La Paz de D’Orbigny, de fotografías de callejas sacadas de los textos de Viscarra. La Paz que nació como cuna de libros, ciudad que cubría de palabras los abandonos: Robert Louis Stevenson, Mijail Bakunin… Libros y libros, una entrevista de noche con el padre Juan Quirós, en un opaco recinto de Presencia, mientras Quirós me contaba que la superiora de un convento le decía “dígale al señor Ferrufino que lo leemos, que nos gusta leerlo, pero que deje ya de escribir tanto sobre sexo”. Sonreí. Juan Quirós era jovial e interesante; éramos distintos y escribíamos de cosas diferentes, pero me estimaba, como estimaba a Urzagasti y a Fernando Rosso. Nada mezquino. Y el sexo, qué podía hacer, cuando al salir a la calle, con las baldosas negras y húmedas de aquella avenida principal, Francine me tomaba de las manos, bajaba los dedos para hurgar los recovecos de mi alma, y me obligaba a subir por San Francisco, cruzar el Mercado Lanza, más arriba, hasta una hostería grande, con peña abajo, y enfrascarnos en la lucha del resuello y el desuello.

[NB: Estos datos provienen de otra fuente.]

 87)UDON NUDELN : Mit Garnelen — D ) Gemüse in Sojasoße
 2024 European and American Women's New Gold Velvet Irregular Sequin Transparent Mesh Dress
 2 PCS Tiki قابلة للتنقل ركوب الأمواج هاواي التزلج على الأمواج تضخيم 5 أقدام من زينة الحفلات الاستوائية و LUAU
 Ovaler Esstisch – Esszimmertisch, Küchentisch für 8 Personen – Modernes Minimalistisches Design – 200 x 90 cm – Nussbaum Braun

Pero no es un pasado lo que me hace escribir de La Paz. Ahora, hace poco, aunque los días a veces pesan como años, el avión nos dejó, perdimos la conexión –mis hijas y yo- y tuvimos que bajar de El Alto a la capital.
El chofer del taxi nos llevó a un “precioso” hotel, el “Morumbí”, que a pesar de las estrellas en la puerta entregó un cuartucho con dos camas aisladas en soso universo. No importó. Eran las ocho de la mañana y teníamos hasta la tarde para el próximo vuelo.

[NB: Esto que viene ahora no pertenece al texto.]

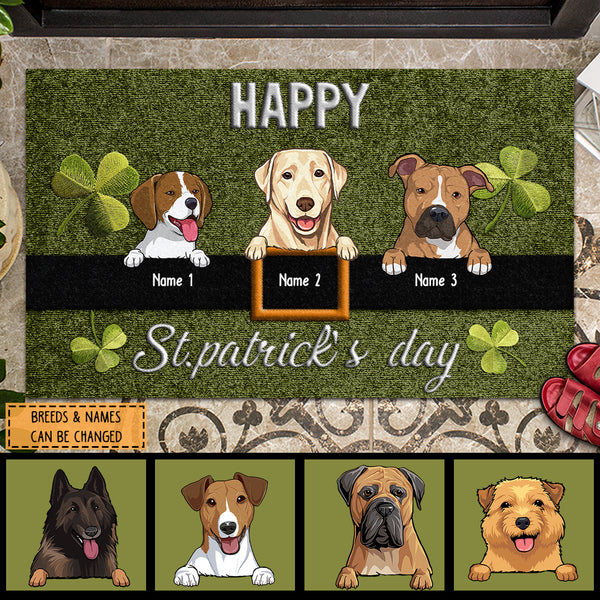 Happy St. Patrick's Day, Shamrock Doormat, Personalized Dog Breeds Doormat, Home Decor, Gifts For Dog Lovers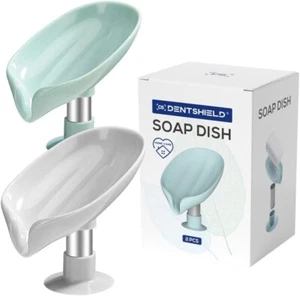2 Packs of 2 Leaf-Shaped Soap Holders with Drainage–Easy Clean Soap Dish - Picture 1 of 8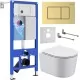Унитаз с инсталляцией Roxen StounFix Dual Fresh 6 в 1 968480 с унитазом Simple Compact 530120-01 и клавишей смыва Steel 420280GB брашированное золото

Bajamos por las empinadas callejas de La Paz, cruzando por el Mercado artesanal aún dormido. Miramos misa en San Francisco, mirar porque a ninguno de los tres nos causan lástima esos lastimeros santos y menos el verbaje de sus representantes. Y en la calle, con un alto hombre quechua de Tarabuco, compré una lliclla aymara de Charazani, de Niño Korín, llena de águilas –o patos- para distraer mi impenitente soltería de otra vez.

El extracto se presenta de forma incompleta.